Every assistance was given me in outfitting my craft. Large water tanks were installed and a device for distilling fresh water from sea water. Concentrated foods, preserved foods, dehydrated fruits and vegetables, nuts, every edible thing that could be preserved for a considerable time were packed away in waterproof containers. New sails were made of the strong, light "spider cloth" that is common among the civilized countries of Amtor, where spiders are bred and kept for the purpose of spinning their webs for commercial use, as are silkworms on Earth. They gave me weapons and ammunition and warm blankets and the best navigation instruments available; so that I was as well equipped for the journey as it was possible for anyone to be.
At last the time of my departure arrived, and I was escorted to the river with all the pomp and ceremony befitting my exalted rank. There were troops and bands and a hundred gorgeously caparisoned gantors bearing not only the nobility of Korva but its royalty as well, for Taman and Jahara and the Princess Nna rode with me in the howdah of the jong’s own gantor. Cheering throngs lined the avenues and it should have been a happy event, but it was not—not for me, at least; for I was leaving these good friends, as I full believed, forever and with little or no hope of attaining my heart's desire. I shall not dwell further upon the sadness of that leave-taking. The pall of it hung over me as I sailed out upon the broad expanse of that vast and lonely ocean, nor did my spirits lift until long after the distant mountains of Anlap had dropped below the horizon; then I shook the mood from me as I looked with eagerness toward the future and set my mind solely upon success.
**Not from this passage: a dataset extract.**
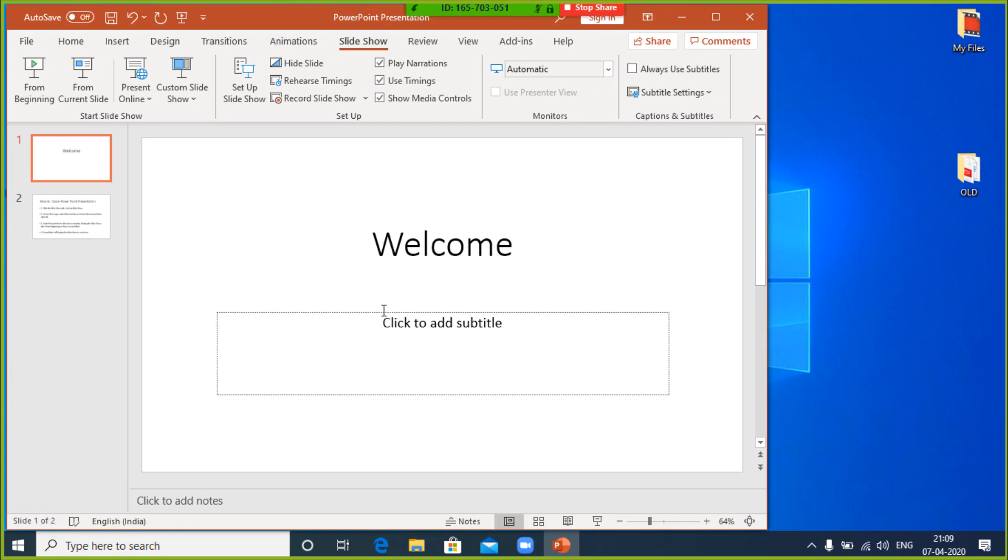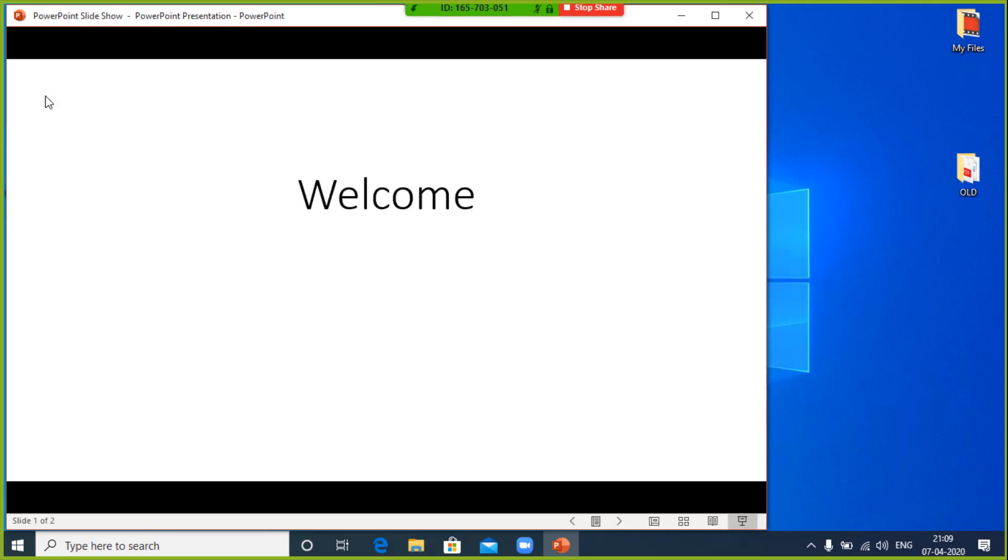Switch PowerPoint to Slideshow mode by clicking the Slideshow tab from beginning or from current slide. PowerPoint will display the Slideshow in a window.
I had set a range of from ten to twenty days for the cruise to Vepaja, depending, of course, upon the winds; but there was always the possibility of missing the island entirely, not withstanding the fact that it was a continent in size, being some four thousand miles long by fifteen hundred wide at its greatest width. Such a supposition might seem ridiculous on Earth, but here conditions were vastly different. Maps were inaccurate. Those available indicated that Anlap was scarcely more than five hundred miles from Vepaja, but I knew that at least fifteen hundred miles of ocean must separate them. Duare and I had learned that when we had flown it. The reason their maps must be inaccurate is due to their false conception of the shape of the planet, which they believe to be a flat disc floating on a sea of molten rock, and their further belief that the antarctic region forms the periphery and what I knew to be the equator, the center of the disc. This naturally distorts every possible conception of the shape and size of oceans and land masses. These people in the southern hemisphere of Venus have not the remotest idea of the existence of the northern hemisphere.